Abstract: This work presents accurate closed-form approximations for the probability density function (PDF) of the sum of independent and identically distributed (i.i.d.) fading envelopes and square fading envelopes, experienced by indoor and outdoor channels operating in the D-band. In order to provide a simple yet accurate analytical expression for these PDFs, we propose the use of the Pearson family of distributions, which are mainly characterized by their skewness and kurtosis. Our analysis has demonstrated that among the seven types of Pearson distributions, the type I Pearson distribution provides the most accurate fit to the exact PDF of envelopes and squared envelopes, for a diverse range of indoor and outdoor wireless propagation scenarios. The distribution parameters are estimated using moments-matching techniques, while the requisite moments are obtained through a measurement campaign conducted in indoor as well as outdoor environments.
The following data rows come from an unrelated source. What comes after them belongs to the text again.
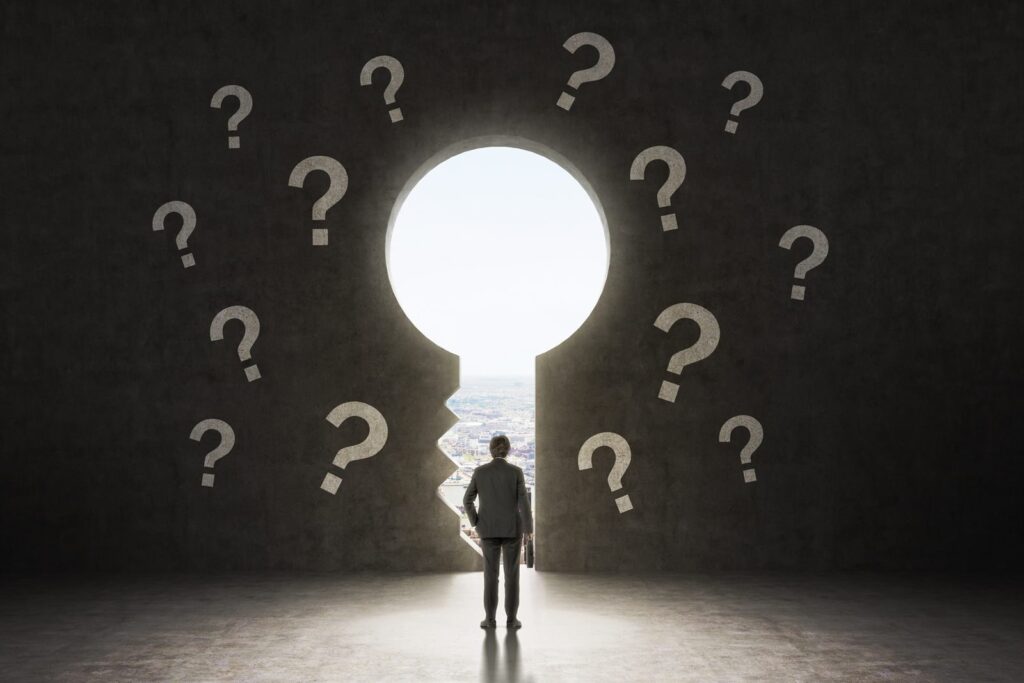Figure standing in a keyhole shaped opening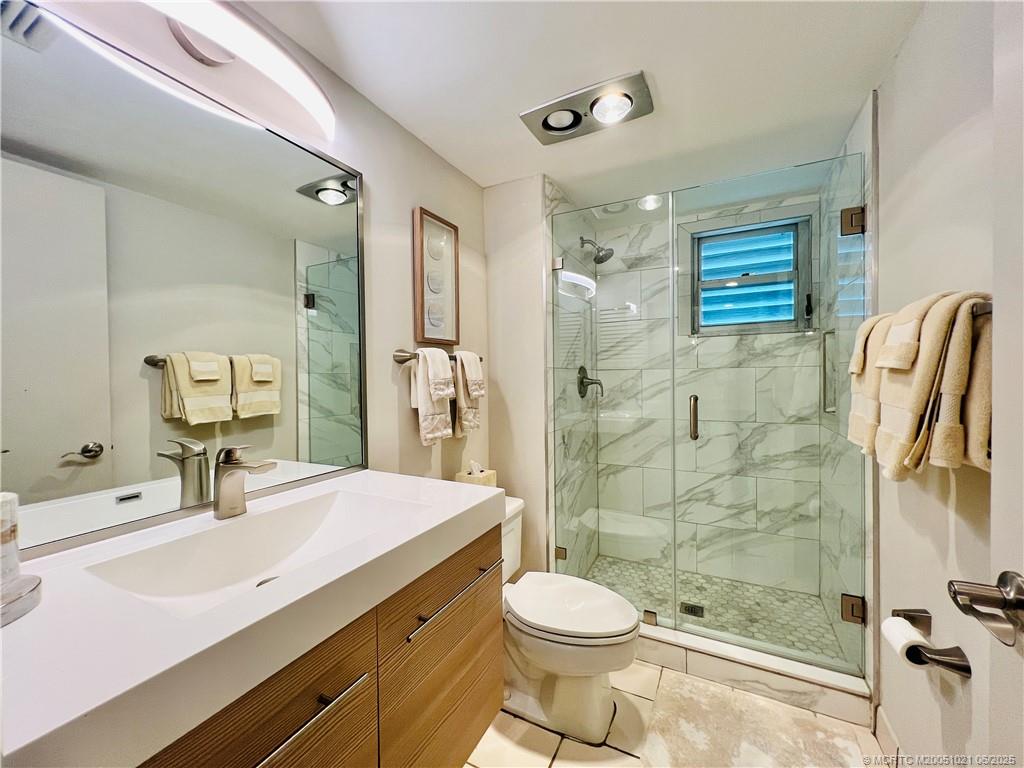 1550 Northeast Ocean Boulevard, Unit C204 Stuart, FL 34996 - Photo 44 of 54 a bathroom with a sink a toilet and shower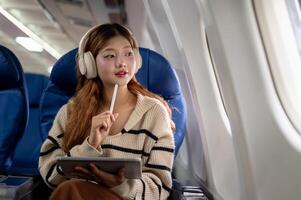 Charming Asian woman gazes at the sky view from the window while using her tablet during the flight. photo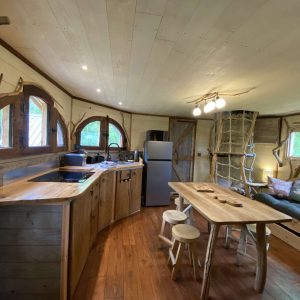 Cabane en bois dans les Midi-Pyrénées, avec cuisine équipée et décor naturel.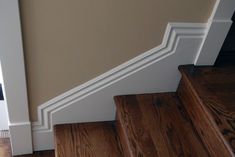 an open door on the side of a stair case next to a wooden floor with white trim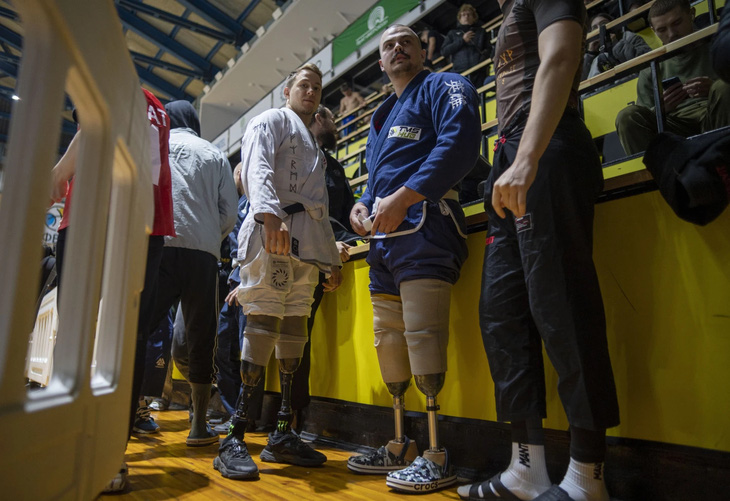 Những người tập tán gẫu và giúp đỡ nhau thắt lại đai kimono trước khi trận đấu bắt đầu - Ảnh: AP News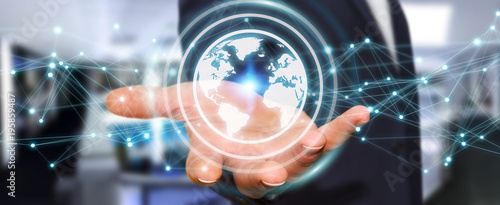 Wallpaper Mural Businessman using planet earth network sphere 3D rendering Torontodigital.ca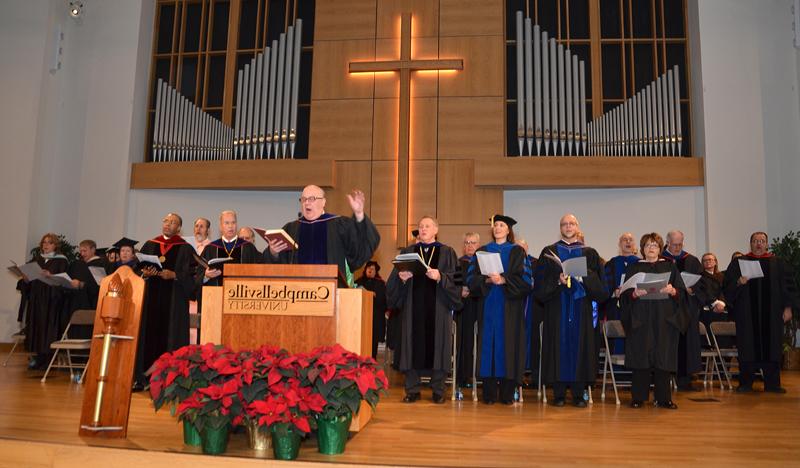 Dr. C. Mark Bradley, professor of music, leads the music during both commencements. (Campbellsville University Photo by Joan C. McKinney)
Specifically, with regard to the indoor scenarios, the following locations have been considered: A mall, an airport, and an entrance hall. With regard to the outdoor scenarios, the following locations have been selected: A university campus, a residential area, and a city center. Our results are further applied to analyze the average bit error rate performance and the ergodic capacity of equal-gain combining (EGC) and maximal-ratio combining (MRC) receivers, the sum rate of rate splitting multiple access (RSMA) systems with EGC diversity reception, as well as the coverage probability of wireless systems employing intelligent reflecting surfaces (IRS). Our analysis is supported by extensive numerical results and Monte Carlo simulations.